Physicians who specialize in the diagnosis and medical treatment of rheumatic disorders are referred to as "rheumatologists"; here's how the American College of Rheumatology describes what they do:
A rheumatologist is an internist or pediatrician who is qualified by additional training and experience in the diagnosis and treatment of arthritis and other diseases of the joints, muscles, and bones. There are more than 100 types of these diseases, including rheumatoid arthritis, osteoarthritis, gout, lupus, back pain, osteoporosis, fibromyalgia, and tendonitis. Some of these are very serious diseases that can be difficult to diagnose and treat.

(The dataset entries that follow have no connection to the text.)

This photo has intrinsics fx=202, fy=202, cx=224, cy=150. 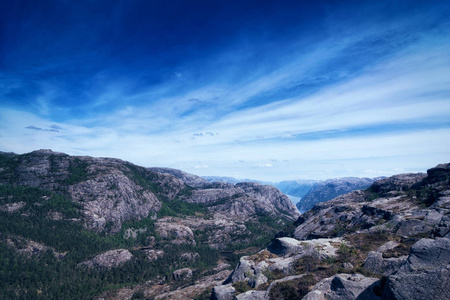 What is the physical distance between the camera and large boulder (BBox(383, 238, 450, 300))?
2175 centimetres

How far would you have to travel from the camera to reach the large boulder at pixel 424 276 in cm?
2175

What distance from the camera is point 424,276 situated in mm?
22828

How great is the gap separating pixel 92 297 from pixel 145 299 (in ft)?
111

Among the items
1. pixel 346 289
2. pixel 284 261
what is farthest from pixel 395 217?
pixel 346 289

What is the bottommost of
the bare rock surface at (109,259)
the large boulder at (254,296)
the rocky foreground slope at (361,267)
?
the bare rock surface at (109,259)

As noted above, many rheumatic disorders are tricky to diagnose since they can resemble other conditions early on and change over time. Rheumatoid arthritis and other inflammatory or autoimmune rheumatic diseases are important to diagnose and treat as early as possible to preserve as much bone, cartilage and joint structure and function as possible, and before significant tissue damage has occurred. Fibromyalgia, another common rheumatologic condition, does not appear to cause any obvious damage, but is just as important to recognize as soon as possible because it can be functionally debilitating and similarly difficult to manage.
Rheumatologists have particular expertise performing joint examinations to look for subtle signs that provide clues to a diagnosis. They don't perform surgery on joints the way orthopaedic surgeons do, but like orthopedists they can withdraw fluid from joint spaces to help diagnose conditions and inject medications into these areas to help treat them.
As with many other medical conditions, a primary care physician (internist, family practitioner, pediatrician) may make the diagnosis of a rheumatic disorder and formulate a treatment plan, but sometimes it may take multiple visits and tests and require the assistance and particular expertise of a rheumatologist.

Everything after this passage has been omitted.